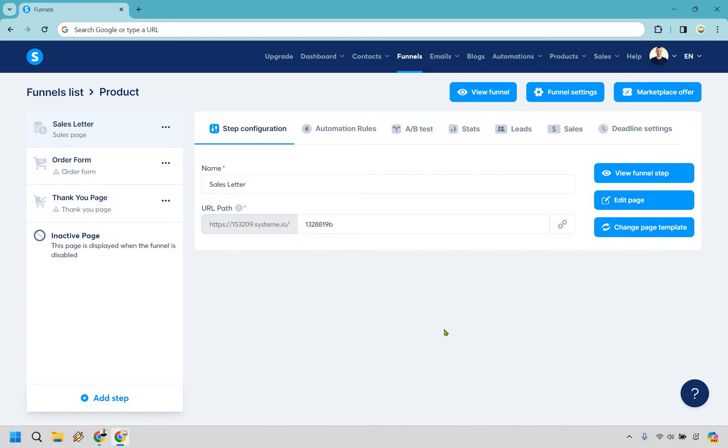Welcome to my system.io countdown timer tutorial where I'm going to show you how to add a countdown timer on one of your landing pages. It's very easy to do and if you'd like to follow along I will leave my link down below in the description. We can click that to either get system for free or simply use it for easier login access.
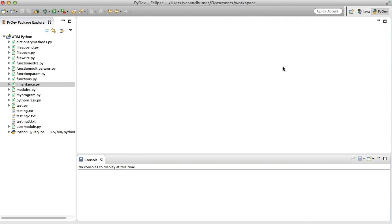Welcome to WebDementors YouTube channel, and you're watching Python Tutorial Series for Beginners. In this video we're going to see about multiple inheritance. In the last video we saw inheritance which inherited from a single parent class. Now we're going to see multiple inheritance, which inherits from multiple parent classes.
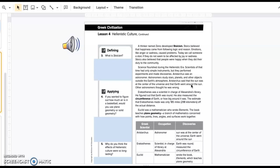Stoics also believed that people were happy when they did their duty to the community. Science flourished during the Hellenistic era. Scientists of that time had only simple instruments, but they performed experiments and made discoveries.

## YOUR ASSIGNMENT:
The preceding listing is to be restated word for word, with every picture omitted.

## ANSWER:
Welcome to my system.io countdown timer tutorial where I'm going to show you how to add a countdown timer on one of your landing pages. It's very easy to do and if you'd like to follow along I will leave my link down below in the description. We can click that to either get system for free or simply use it for easier login access.
Welcome to WebDementors YouTube channel, and you're watching Python Tutorial Series for Beginners. In this video we're going to see about multiple inheritance. In the last video we saw inheritance which inherited from a single parent class. Now we're going to see multiple inheritance, which inherits from multiple parent classes.
Stoics also believed that people were happy when they did their duty to the community. Science flourished during the Hellenistic era. Scientists of that time had only simple instruments, but they performed experiments and made discoveries.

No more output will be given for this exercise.